🤖 AI Summary
This work addresses the limitations of age-centric status updating in wireless control systems operating under energy constraints and unreliable channels, where minimizing information age does not necessarily enhance dynamic performance. The authors model status updates as a coupon-collector problem with an expiration mechanism and formulate a two-dimensional average-reward Markov decision process to jointly optimize the sender’s information residual lifetime and the receiver’s freshness timer. Key contributions include a dual-threshold optimal scheduling structure that achieves Level-C effectiveness without prior knowledge of channel success probabilities or lifetime distributions, a closed-form deterministic lifetime policy, and a structure-aware Q-learning (SAQ) algorithm that converges faster than standard Q-learning while matching the performance of value iteration. Experiments demonstrate up to a 50% improvement in system reward over age-based baselines, substantially enhancing control efficacy under resource constraints.
📝 Abstract
For status update systems operating over unreliable energy-constrained wireless channels, we address Weaver's long-standing Level-C question: do my packets actually improve the plant's behavior?

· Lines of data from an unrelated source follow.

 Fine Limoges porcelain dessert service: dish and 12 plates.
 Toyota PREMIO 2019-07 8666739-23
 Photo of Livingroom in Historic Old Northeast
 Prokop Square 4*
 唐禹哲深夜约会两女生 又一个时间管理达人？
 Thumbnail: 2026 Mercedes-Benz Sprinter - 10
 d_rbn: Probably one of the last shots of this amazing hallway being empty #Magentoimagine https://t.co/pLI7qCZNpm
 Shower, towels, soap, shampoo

Each fresh sample carries a stochastic expiration time -- governed by the plant's instability dynamics -- after which the information becomes useless for control. Casting the problem as a coupon-collector variant with expiring coupons, we (i) formulate a two-dimensional average-reward MDP, (ii) prove that the optimal schedule is doubly thresholded in the receiver's freshness timer and the sender's stored lifetime, (iii) derive a closed-form policy for deterministic lifetimes, and (iv) design a Structure-Aware Q-learning algorithm (SAQ) that learns the optimal policy without knowing the channel success probability or lifetime distribution. Simulations validate our theoretical predictions: SAQ matches optimal Value Iteration performance while converging significantly faster than baseline Q-learning, and expiration-aware scheduling achieves up to 50% higher reward than age-based baselines by adapting transmissions to state-dependent urgency -- thereby delivering Level-C effectiveness under tight resource constraints.